When we first came to New Zealand we lived in Wellington in the suburbs. I did my nursing (I’m a mental health nurse) and T did his arborist thing…it wasn’t what we came to New Zealand for, wasn’t the lifestyle change we planned.
I had C who was a teenager and was very pregnant with our soon to be born son and I suppose with hormones surging into maniacal nesting mode what I wanted was our ‘Good Life”, a place where our sons could get back to the basics of living…..so we decided to move…to the South Island…yep nothing like making life complicated for yourself.
We found our little piece of somewhere and moved in when our little man was three weeks old…and we’ve never looked back.
Our aim for our lives is to get back to using the skills our parents and grandparents used…I don’t mean roughing it or making life more difficult (why would we want to do that!!!?)… What I mean is looking at what we have and only adding to it if we really need to, taking care of what we already have, making things out of other things when the need arises rather than just going out and buying something to do the job, being creative with the resources we have already on hand.
It does bother me that we live on a planet with finite resources and we have a culture that runs on linear lines…the two just don’t go together in the long term…that is a sad but true fact. So while I am here I want to try and be careful with the resources around me as much as I’m able. Now I don’t get that right all the time and I’ve got a heck of a lot to learn but I accept that as an on-going thing.
Now before you start groaning and if you’re not already thinking “Oh grief another tree hugger”….I’m not into preaching about being kind to the planet…I have my opinions about how we treat the place we live on and the resources that are here but they are my opinions.

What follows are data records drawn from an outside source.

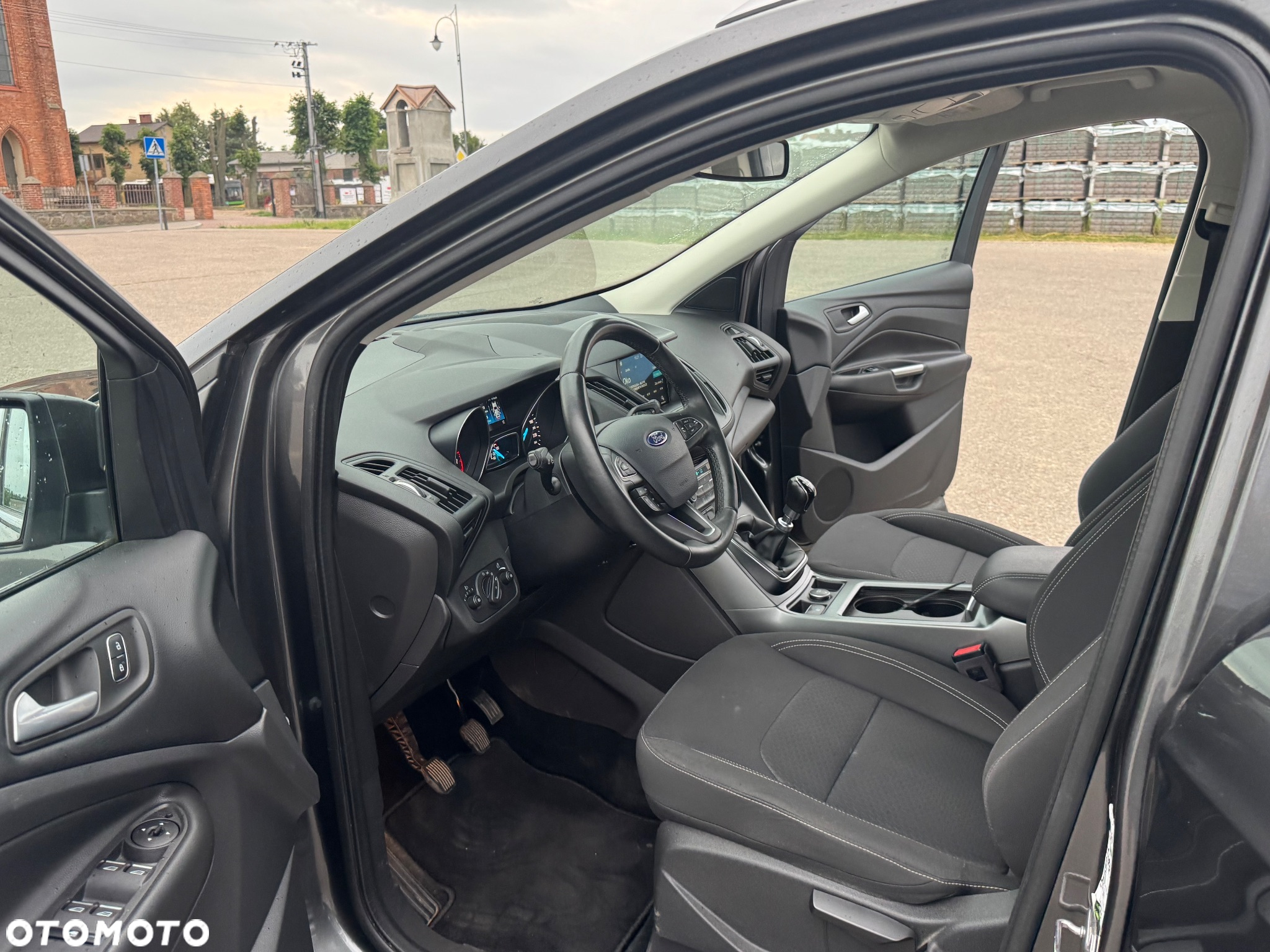 Ford Kuga 1.5 EcoBoost FWD Graphite Tech Edition - 7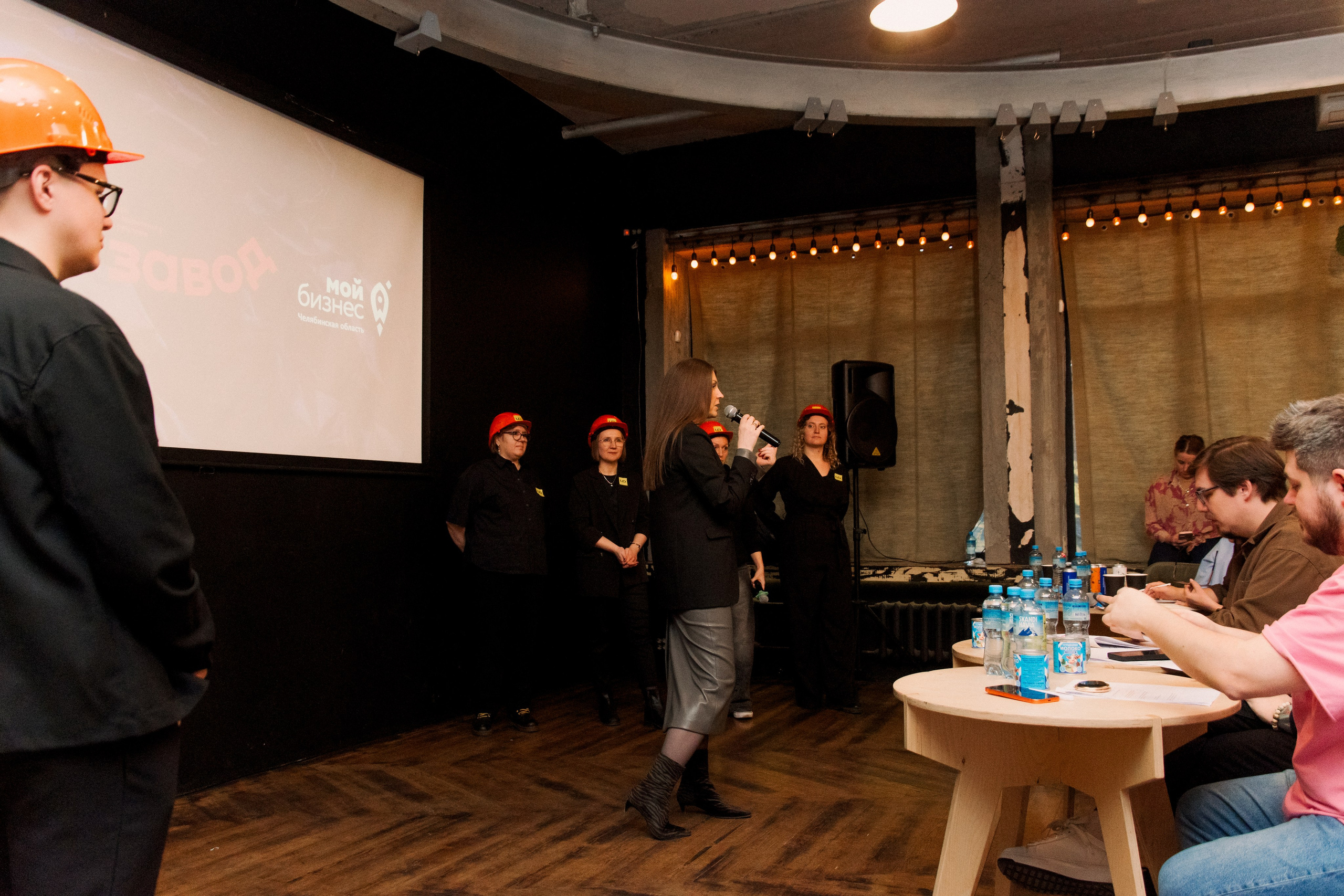 ЗАВОД. КЦ11. Фотограф в Челябинске Любовь Денисенко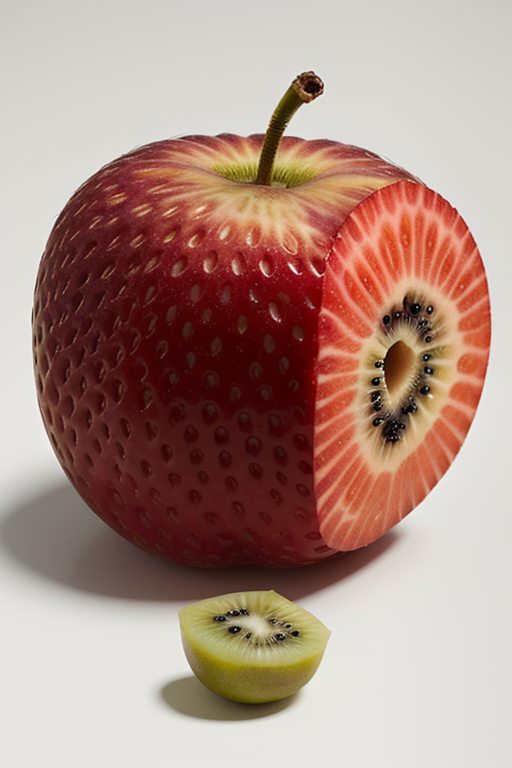 a fruit that starts with e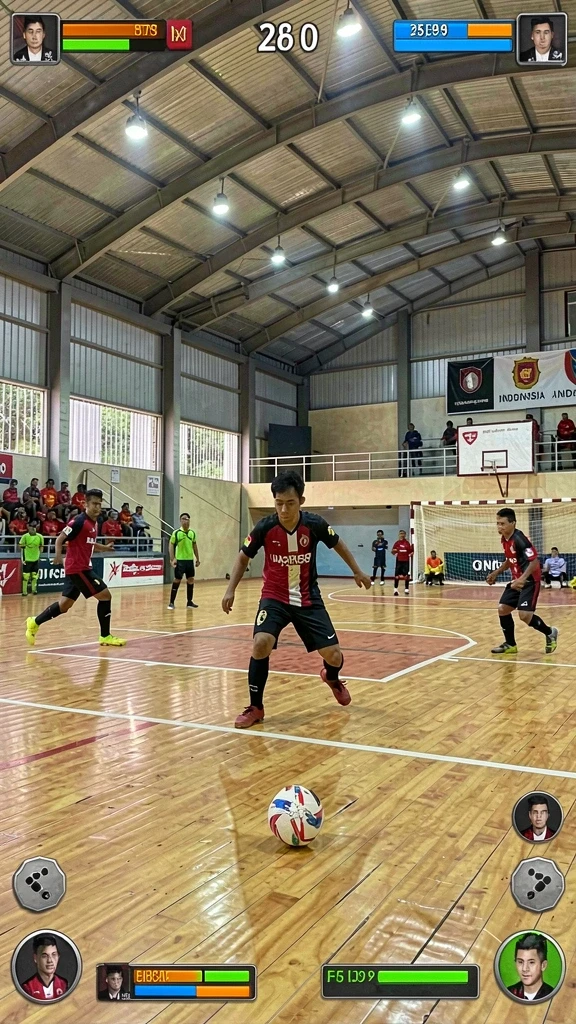 kkwin777 - Grafis menakjubkan dari KKWIN777.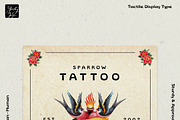 YJ Mudlark, a Sans Serif Font by YENTY JAP CO (Thumbnail 3 of 13)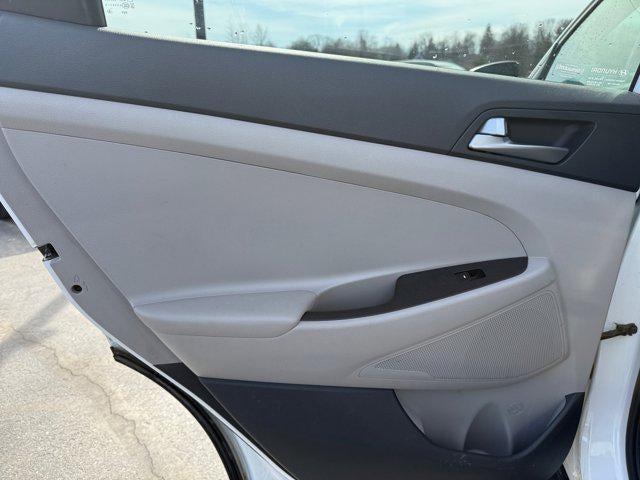 2016 Hyundai TUCSON Sport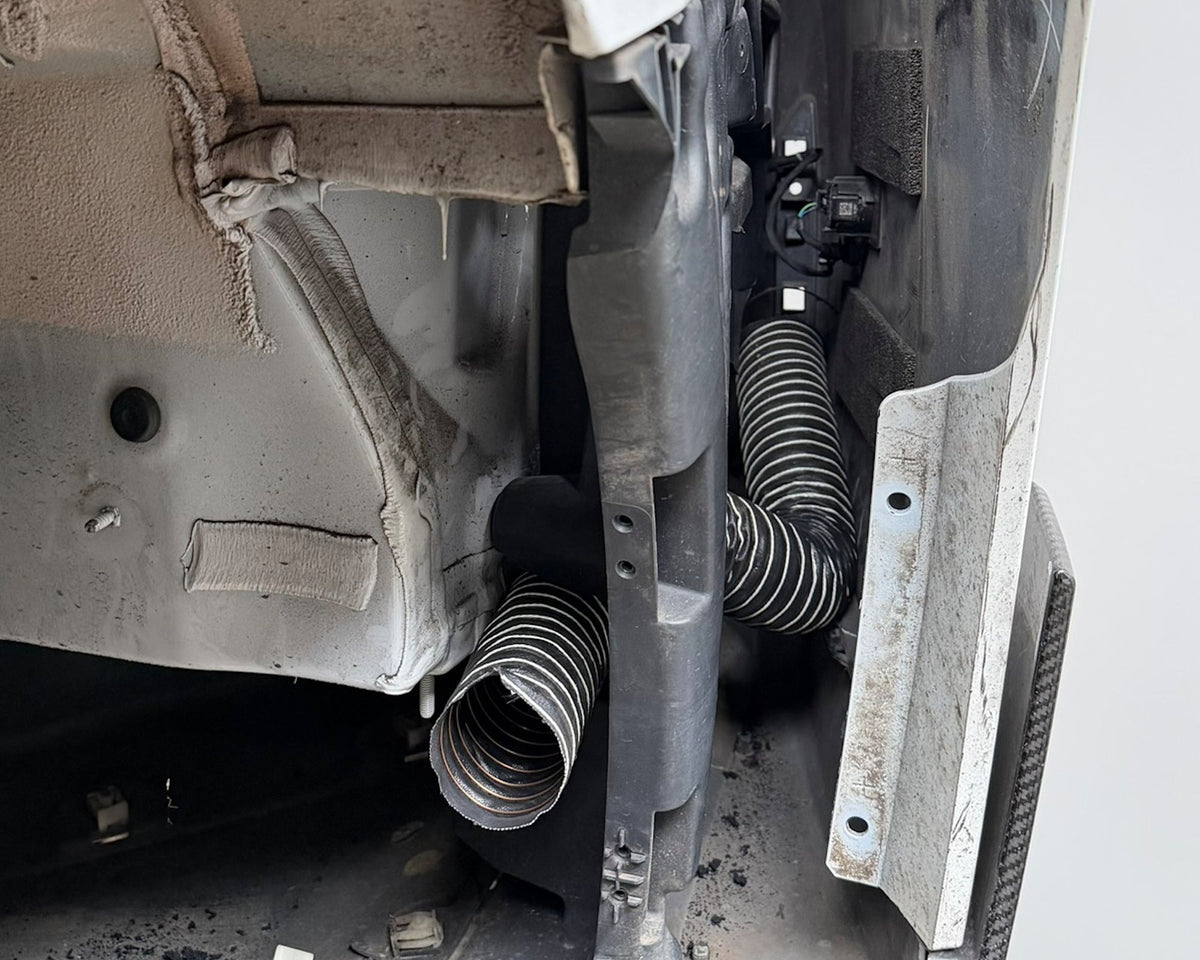 ST Trackparts BMW G82 M4 Reflector Delete Rear Vents Kit - product image 3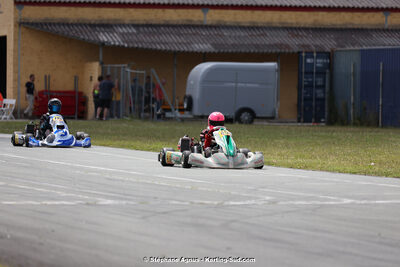 6 & 7/07/2024 : Rassemblement National Karting Ufolep à Saint-Genis-de-Saintonge (Photos Stéphane Agnus) 2024 — karting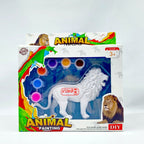 DIY Painting Set Melukis Anak Seri Animal
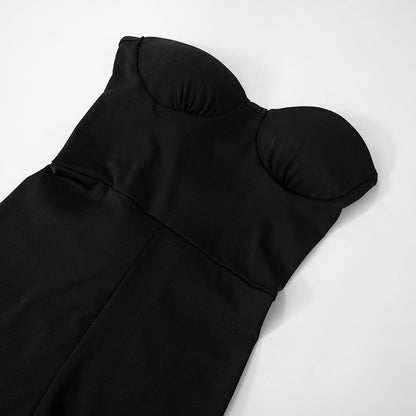 MB1004 Backless Jumpsuits for Women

To quote something someone said just recently (and I really liked it) ……
“I may not agree with you BUT I will defend your right to the end to hold your opinion and your right to say it. As long as you respect the fact I have a right to my opinion as well”.
Fortunately my wonderful T thinks the same way (makes life so much easier!) – so on that basis we are leading our version of “The Good Life”.
There will be photos in this blog that will show dead animals – well this is about our life…we rear our own animals, we butcher our own animals where we can. We rear out own meat – we are meat eaters………..I’m not going to apologise for that to anyone by the way and I don’t want a major discussion about the morality of eating meat…we eat meat. I think the point is that we know what life, the meat that is on our plate, has had. We raise our own beef, pork and lamb and when it is time for them to move to colder climates (aka the freezer) they never have the stress of being loaded onto a truck and being shipped off, their lives and deaths begin and end here.
I will try to put a warning (if I remember)..…. If I don’t though I’m not going to apologise about it..I’m not getting arsey about it but like I said it’s my blog and if you don’t want to run the risk of seeing anything without a warning then don’t read it.
My point is we truly know where our food comes from – meat does not magically appear from the supermarket on a polystyrene tray presented in a way that makes it as unidentifiable as an animal as possible.
I thought I would write this to keep account of our journey..the successes and failures. Here’s hoping there will be lots of success and the failures will serve a lessons that we won’t forget. I don’t want to give the impression that it’s all romantic and dreamy and if we mess up I’ll own up….
It’s not the ‘easier’ life, there is a lot of hard work involved and anyone who lives this way will vouch for that.
So far though we are enjoying life as it is so we’ll keep on that less travelled road.